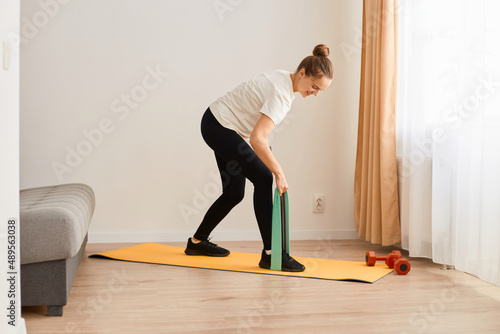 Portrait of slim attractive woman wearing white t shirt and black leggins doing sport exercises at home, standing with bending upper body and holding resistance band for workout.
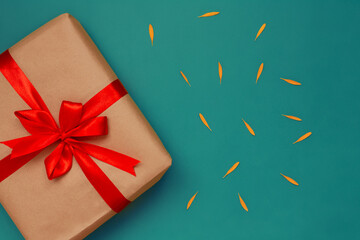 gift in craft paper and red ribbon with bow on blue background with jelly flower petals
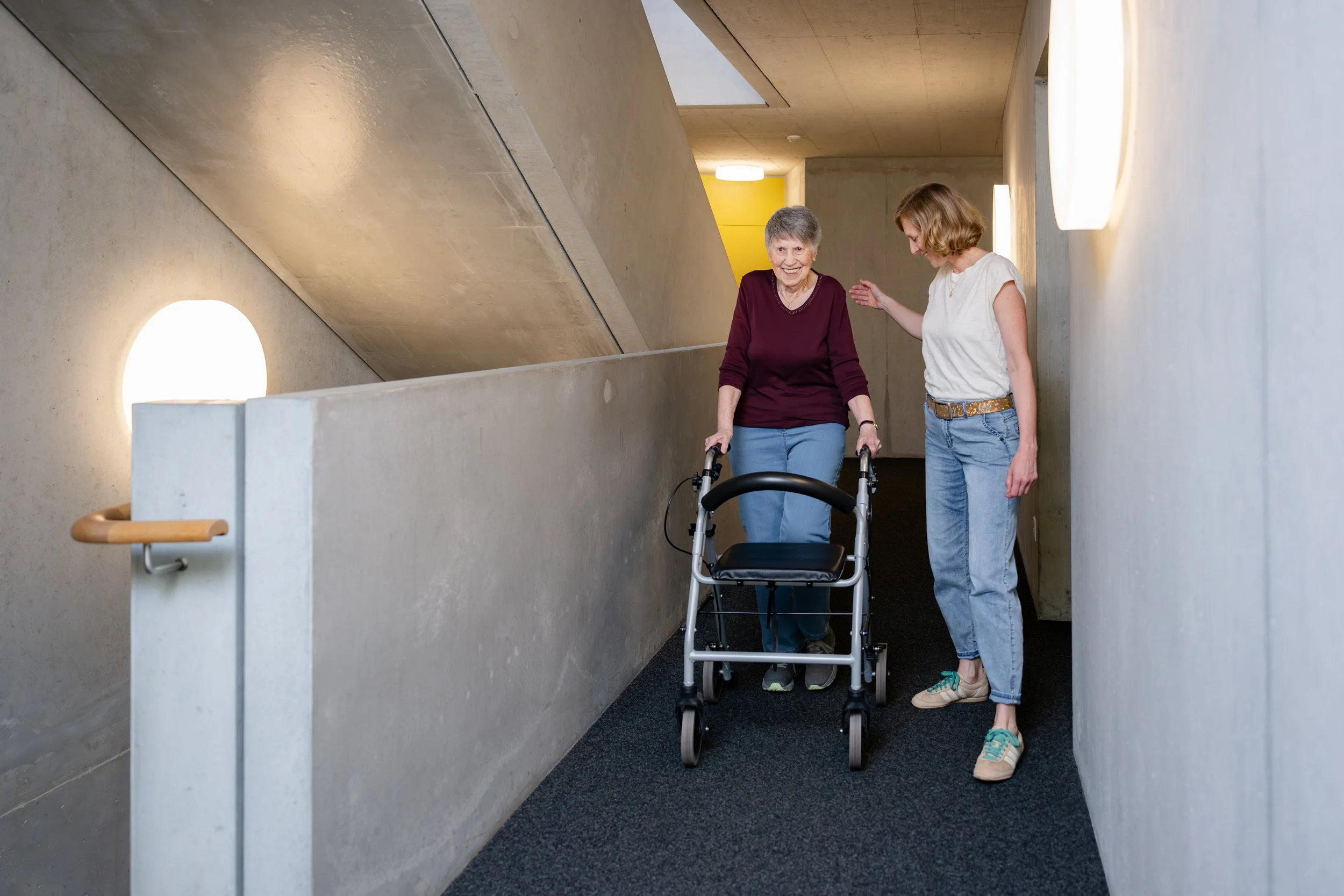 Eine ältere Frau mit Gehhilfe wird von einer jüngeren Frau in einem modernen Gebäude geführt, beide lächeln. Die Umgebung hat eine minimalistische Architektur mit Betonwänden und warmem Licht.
::::::
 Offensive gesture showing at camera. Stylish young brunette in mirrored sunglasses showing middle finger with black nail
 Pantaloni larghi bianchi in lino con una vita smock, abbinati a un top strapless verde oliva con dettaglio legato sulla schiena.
::::::
[WHAT TO PRODUCE]: Take the lines above starting at the one containing "gift in craft" and ending at the one containing "Eine ältere Frau", and print them again exactly, without pictures.

[WRITTEN ANSWER]:
 gift in craft paper and red ribbon with bow on blue background with jelly flower petals
 Eine ältere Frau mit Gehhilfe wird von einer jüngeren Frau in einem modernen Gebäude geführt, beide lächeln. Die Umgebung hat eine minimalistische Architektur mit Betonwänden und warmem Licht.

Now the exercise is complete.